本実施例では、何れかの始動準備動作が検出された時に、センサ素子68を活性化させるための目標温度Tcが設定され、センサ温度Tが目標温度Tcとなるように空燃比センサ56、58内のヒータ69への通電が開始される。以下、内燃機関の始動前に行われるヒータ69への通電をプリヒートと称する。始動準備動作の検出時にプリヒートを行う構成にすることで、内燃機関の冷間始動時であっても、プリヒートによってほぼ外気温まで低下したセンサ温度Tが目標温度Tcになるまで加熱されるので、内燃機関の始動直後から空燃比フィードバック制御を実行することができる。
【0026】
しかし、必ずしも始動準備動作の実行後に内燃機関が始動されるとは限らない。例えば、運転者が単に車両内の荷物を取り出すためにドアの開閉を行う場合や車両内で休憩するために運転席に着座する場合等には、内燃機関は始動されない。このため、始動準備動作の検出時に、最初から高い目標温度Tcを設定して、センサ温度Tが目標温度Tcになるようにヒータ69への通電量を制御する構成にすると、内燃機関が始動されない場合にヒータ69へ不必要に大きな電力が供給されることとなり、消費電力量が大きくなる。
【0027】
そこで、本実施例は、検出された始動準備動作の内容に基づき、機関始動の可能性を推定し、機関始動の可能性の大きさに応じたレベルの目標温度Tcを設定する点に特徴を有している。内燃機関が始動される可能性は、上記した一連の始動準備動作が進行するほど高くなる。例えば、ドアロック解除の検出時よりもイグニッションキーの差し込みの検出時の方が、その後内燃機関が始動される可能性は高い。本実施例では、より後に行われる始動準備動作の検出時ほど、内燃機関が始動される可能性がより高いと判断され、より高い目標温度Tcが設定される。以下、本実施例のプリヒートの際にECU10が実行するルーチンを説明する。
【0028】
図3は、プリヒートにおける目標温度Tcを決定すべくECU10が実行するルーチンを説明するためのフローチャートである。図3に示すルーチンは、例えば、所定時間間隔で起動される定時割り込みルーチンである。図3に示すルーチンが起動されると、先ず、ステップ100の処理が実行される。

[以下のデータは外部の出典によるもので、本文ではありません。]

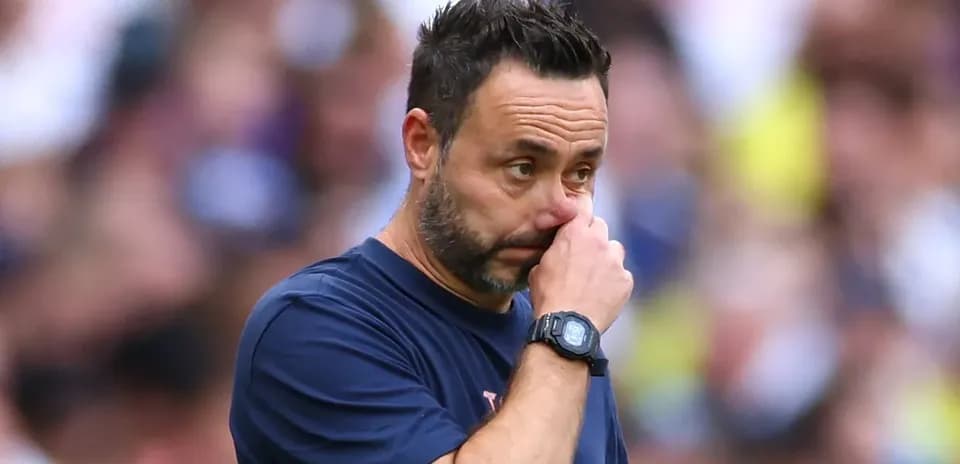 Coach observing game while touching his face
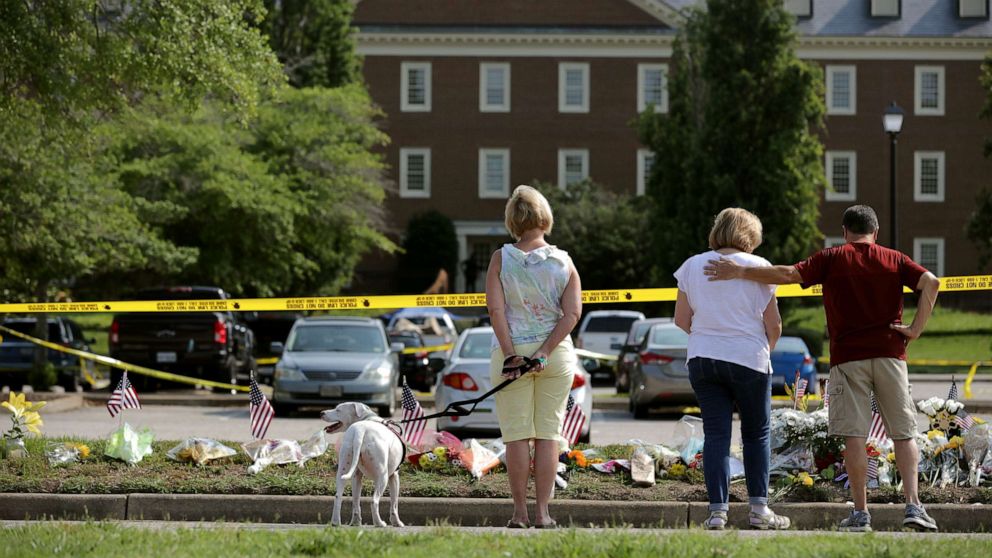 PHOTO: People stop to pay their respects to those killed in a mass shooting at a makeshift memorial outside the City of Virginia Beach Operations Building, June 2, 2019, in Virginia Beach, Vir.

ステップ100では、キーシリンダにイグニッションキーが差し込まれているか否かが判別される。この判別は、図1に示すイグニッションスイッチセンサ64の出力信号に基づいて行われる。ステップ100において、キーシリンダにイグニッションキーが差し込まれていると判断される場合、次に、ステップ102の処理が実行される。一方、ステップ100において、キーシリンダにイグニッションキーが差し込まれていない場合、イグニッションキーが差し込まれている場合に比して内燃機関が始動される可能性が低いと判断され、次に、ステップ104の処理が実行される。
【0029】
ステップ102では、プリヒートにおける目標温度Tcが最も高いT1に設定される。そして、次に、ステップ106の処理が実行される。

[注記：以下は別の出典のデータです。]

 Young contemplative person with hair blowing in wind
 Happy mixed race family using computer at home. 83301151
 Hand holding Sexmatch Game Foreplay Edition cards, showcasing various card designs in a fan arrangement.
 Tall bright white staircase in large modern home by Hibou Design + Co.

ステップ104では、運転者が運転席に着座しているか否かが判別される。この判別は、図1に示す着座センサ65の出力信号に基づいて行われる。ステップ104において、運転者が運転席に着座していると判断される場合、次に、ステップ108の処理が実行される。一方、ステップ104において、運転者が運転席に着座していない場合、運転者が着座している場合に比して内燃機関が始動される可能性が低いと判断され、次に、ステップ110の処理が実行される。
【0030】
ステップ108では、プリヒートにおける目標温度TcがT2(<T1)に設定される。そして、次に、ステップ106の処理が実行される。

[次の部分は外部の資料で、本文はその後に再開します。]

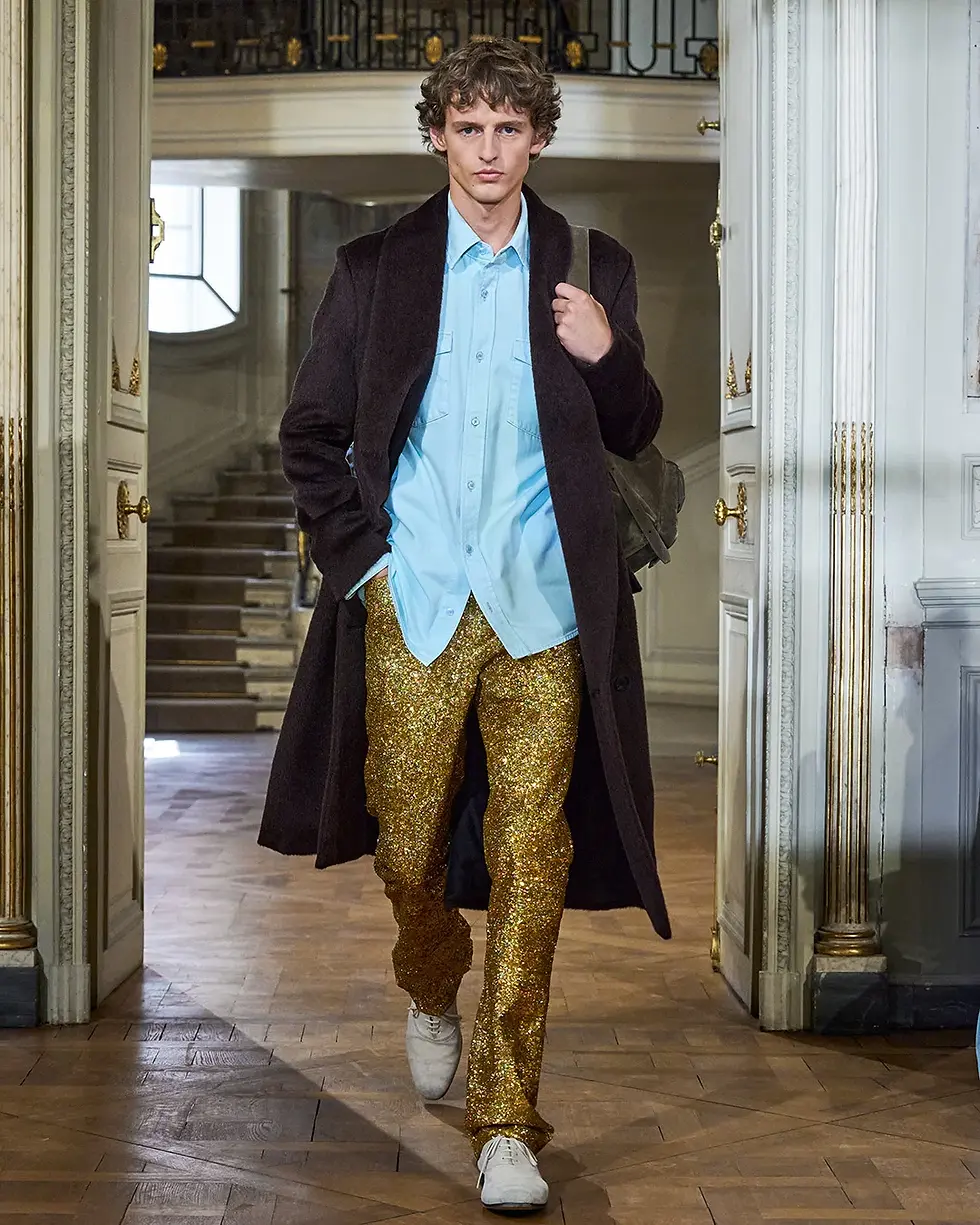 Male model walks through an ornate doorway in a dark coat, blue shirt and gold glitter pants, carrying a backpack on a runway.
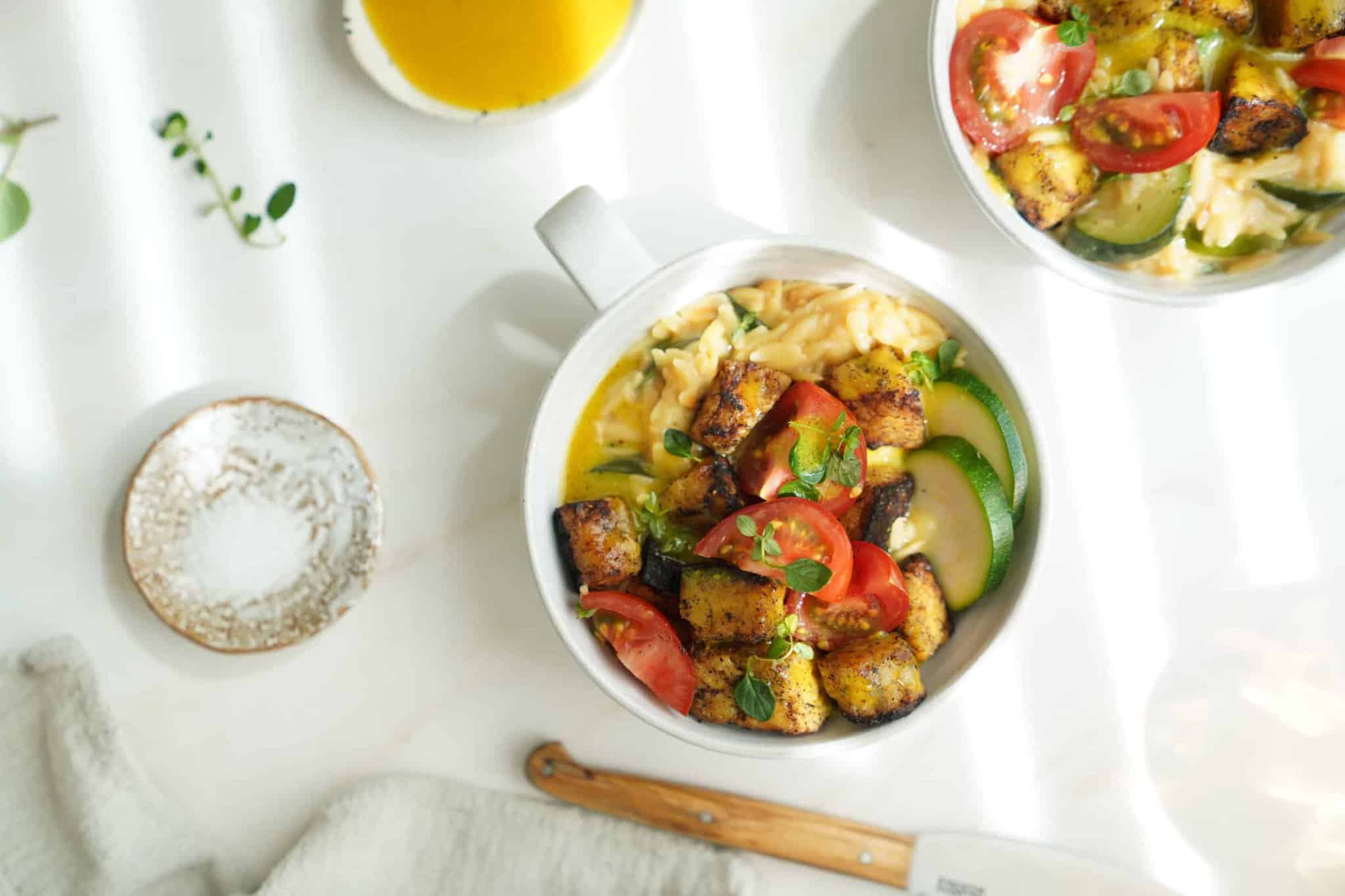 Greek tempeh with creamy orzo in a white bowl on a white counter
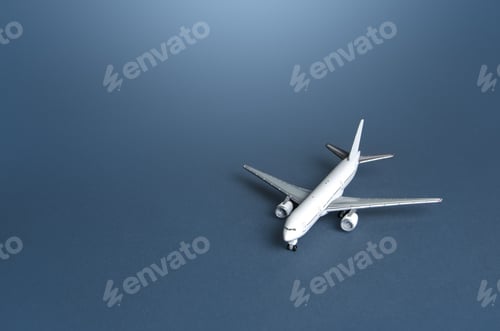 Preview: Passenger plane on a blue gray background.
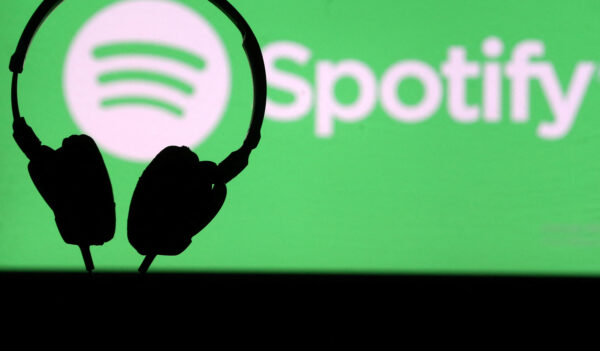A headset is seen in front of a screen projection of Spotify logo, in this picture illustration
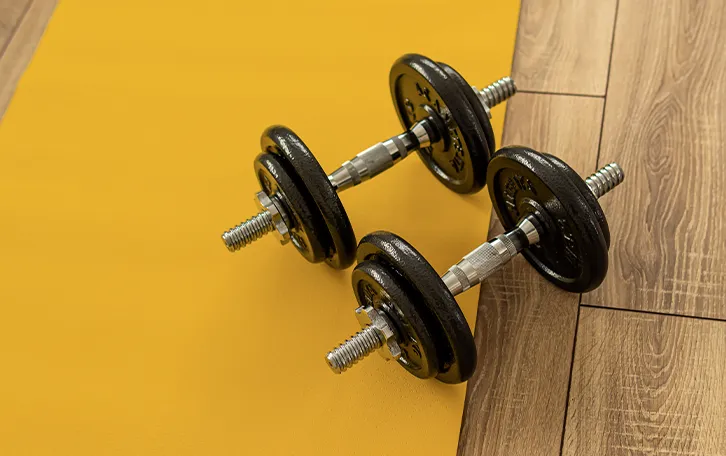 Zwei Hanteln auf gelblichen- und Holzboden
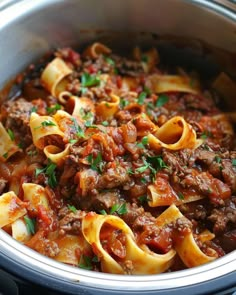 a pot filled with pasta and meat sauce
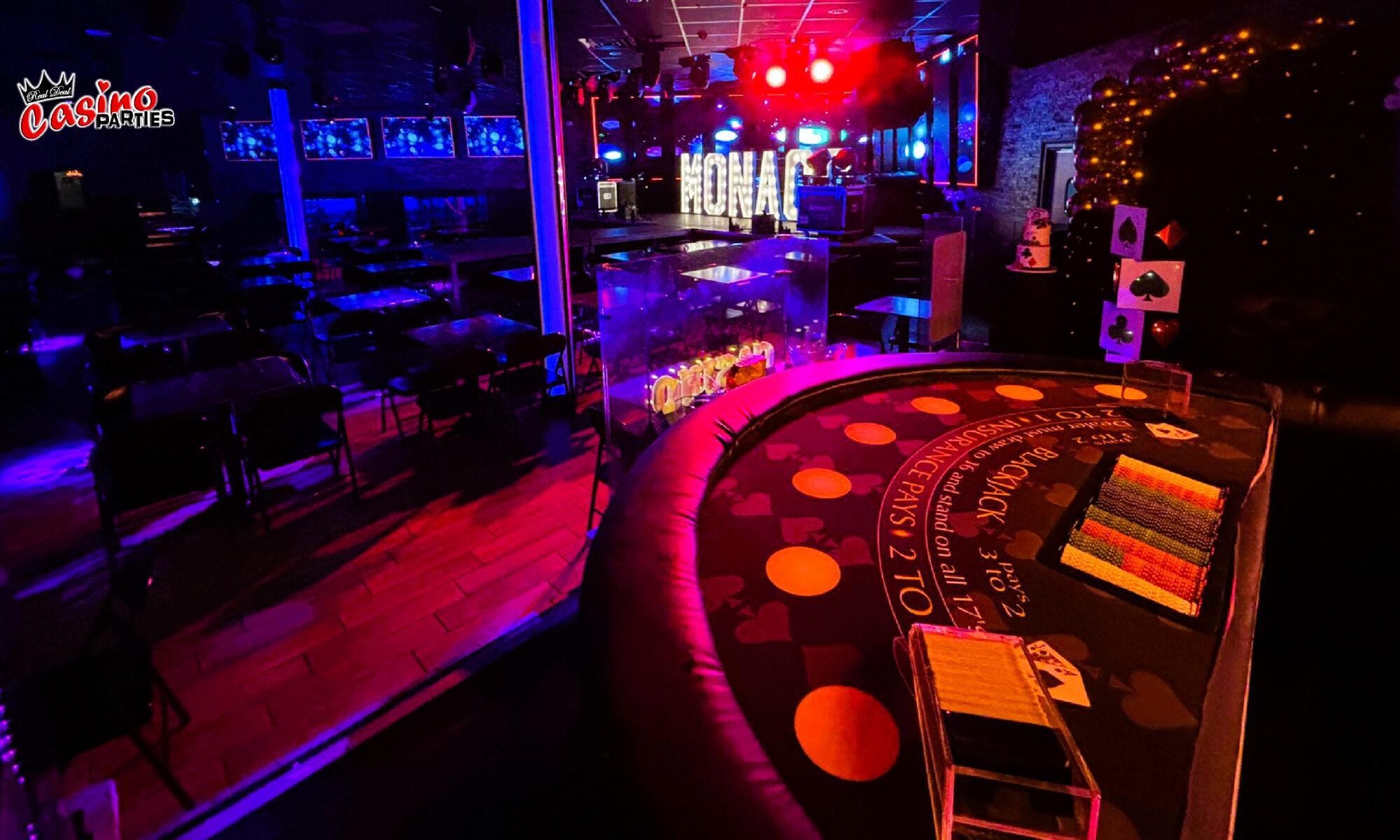 Professional blackjack table with chips at a neon-lit themed casino party rentals Tampa experts!.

ステップ110では、ドアが開状態(ドアオープン)であるか否か、及び、所定時間内にドアの開操作が行われた履歴があるか否かの判別が行われる。これらの判別は、図1に示すドアセンサ66の出力信号に基づいて行われる。ステップ110において、ドアが開状態であると判断される場合、又は、ドアの開操作が行われた履歴があると判断される場合、次に、ステップ112の処理が実行される。一方、ステップ110において、ドアが閉状態であり、かつ、所定時間内にドアの開操作が行われた履歴が無い場合、ドアの開操作が行われた場合に比して内燃機関が始動される可能性が低いと判断され、次に、ステップ114の処理が実行される。
【0031】
ステップ112では、プリヒートにおける目標温度TcがT3(<T2)に設定される。そして、次に、ステップ106の処理が実行される。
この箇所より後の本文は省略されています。